── Given entries ──

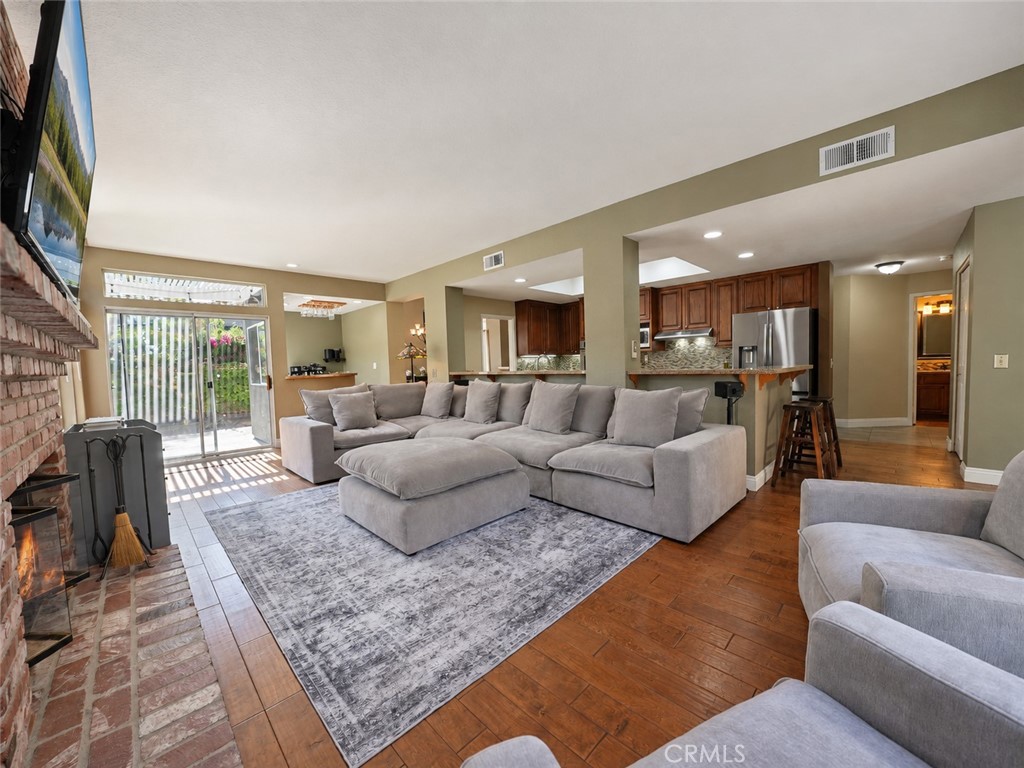 Enjoy this generous living space perfect for relaxing and entertaining - 25652 Nottingham Court, Laguna Hills CA 92653 - photo 11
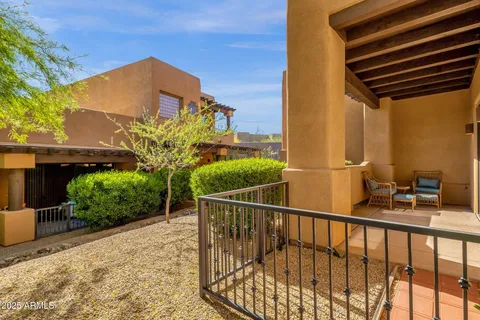 a view of a chair and table in the balcony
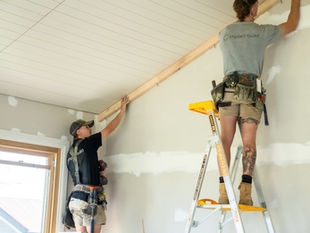 Two employees from Impact Build are working on building the interiors of a recent project in the Macedon Ranges.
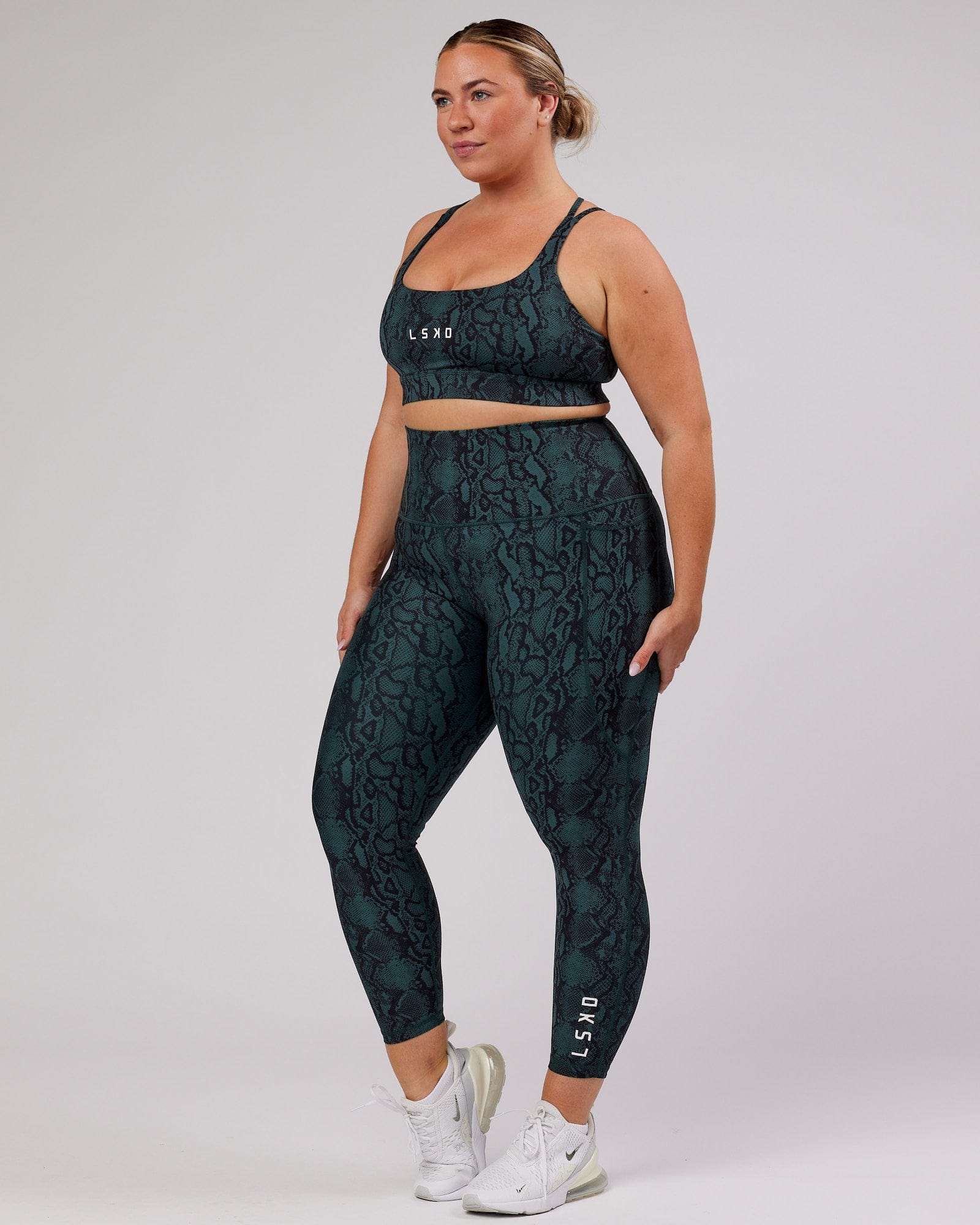 Model wearing Flux 7/8 Length Tight - Forest Snakeskin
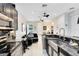 Open-concept kitchen and living area featuring modern stainless appliances and sleek black cabinetry at 726 N Pennsylvania Ave, Winter Park, FL 32789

───

### What the exercise asks
Reproduce all lines above exactly. Leave the images out.

### Result of the exercise
 Enjoy this generous living space perfect for relaxing and entertaining - 25652 Nottingham Court, Laguna Hills CA 92653 - photo 11
 a view of a chair and table in the balcony
 Two employees from Impact Build are working on building the interiors of a recent project in the Macedon Ranges.
 Model wearing Flux 7/8 Length Tight - Forest Snakeskin
 Open-concept kitchen and living area featuring modern stainless appliances and sleek black cabinetry at 726 N Pennsylvania Ave, Winter Park, FL 32789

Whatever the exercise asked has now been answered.